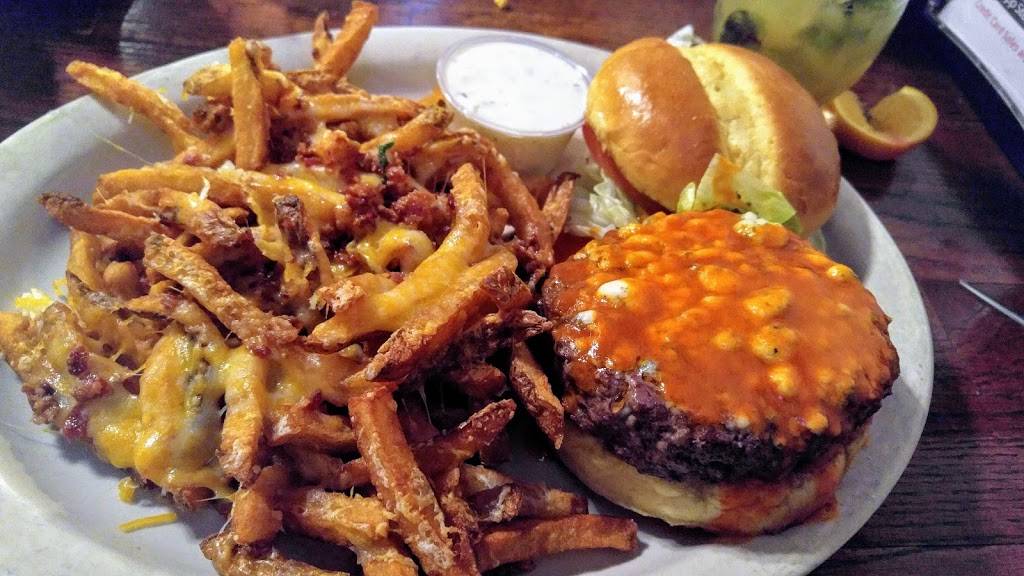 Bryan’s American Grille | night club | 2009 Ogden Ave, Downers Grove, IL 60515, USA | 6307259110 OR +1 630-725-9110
◇ ◇ ◇ ◇ ◇
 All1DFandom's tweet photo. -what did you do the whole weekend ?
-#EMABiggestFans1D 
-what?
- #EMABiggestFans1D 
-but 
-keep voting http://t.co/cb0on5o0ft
◇ ◇ ◇ ◇ ◇
Copy all lines from the data that hold the word "what".

• [Exercise output]
 All1DFandom's tweet photo. -what did you do the whole weekend ?
-what?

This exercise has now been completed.